Re: [dev] [st] Proposal of changing internal representation

From: Christoph Lohmann <20h_AT_r-36.net>
Date: Sun, 24 Aug 2014 16:56:33 +0200

Greetings.

On Sun, 24 Aug 2014 16:56:33 +0200 "Roberto E. Vargas Caballero" <k0ga_AT_shike2.com> wrote:
> If the character is a multibyte, we decode it again!!!!. So for
> multibyte characters we:
>
> - decode
> - encode
> - decode

These steps aren't as slow as you might think.

> It is slow and really ugly. But we have this problem not only in
> tputc. We have a function utf8len:
>
>
> size_t
> utf8len(char *c) {
> return utf8decode(c, &(long){0}, UTF_SIZ);
> }
>
> That decode again the string because in some places we need the size
> of the utf8 string.

Look at how »decoding« is done. If you really think this slows down st
then utf8len can be optimized further. Decoding isn’t as heavy as you
think in comparison to the 32 bit burden you add and its illogic.

> I think we should decode the utf8 character in the input, store it
> in raw unicode with 4 bytes, and encode again in output (usually in
> getsel or in printer functions). The memory usage is going to be the
> same, because we store the utf8 string with 'char c[UTF_SIZ]', where
> UTF_SIZE is 4 (although it should be bigger because if we accept
> unicode of 32 bits then we can receive utf8 strings of 6 bytes).

This is exactly the reason why st keeps this internal representation: to
adapt to future expansions of UTF‐8, no matter what any crippled stan‐
dard says. If you adapt to a dynamically growing bytes per char string
you end up with a meta format like UTF‐8 too.
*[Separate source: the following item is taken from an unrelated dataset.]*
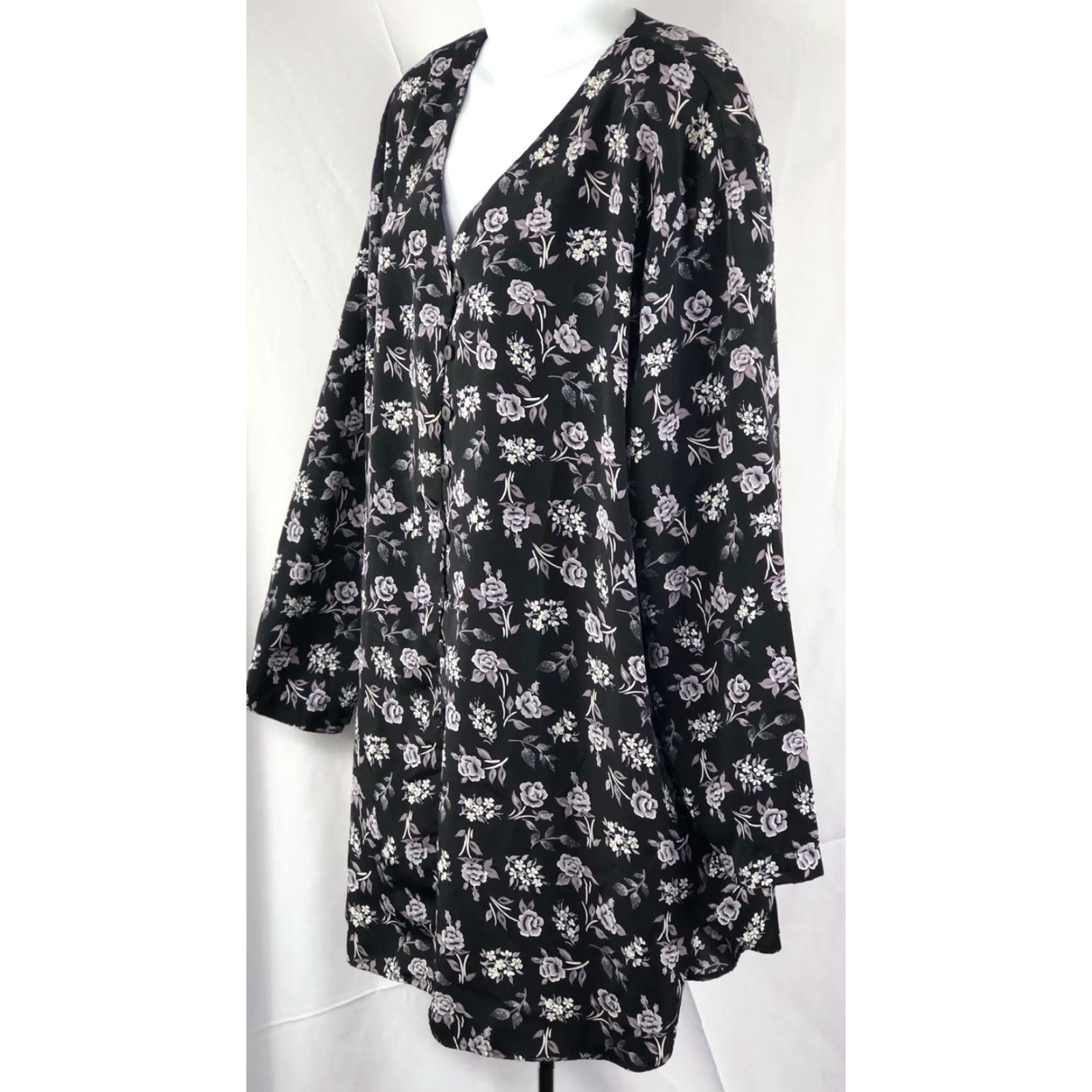 Vintage VINTAGE Jaclyn Smith Blouse 22W Black Floral V-Neck ButtonUp Boho Career Womens Size 3XL / US 20-22 - 3 Thumbnail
As said, if you think utf8len should be optimized, look at [0].

Another question arises from the st UTF‐8 support: Who will implement
the normalisation? Will it be included in the new internal string repre‐
sentation? Now this question can be easily answered because st keeps the
raw representation. Helper functions take care of it, when it’s needed.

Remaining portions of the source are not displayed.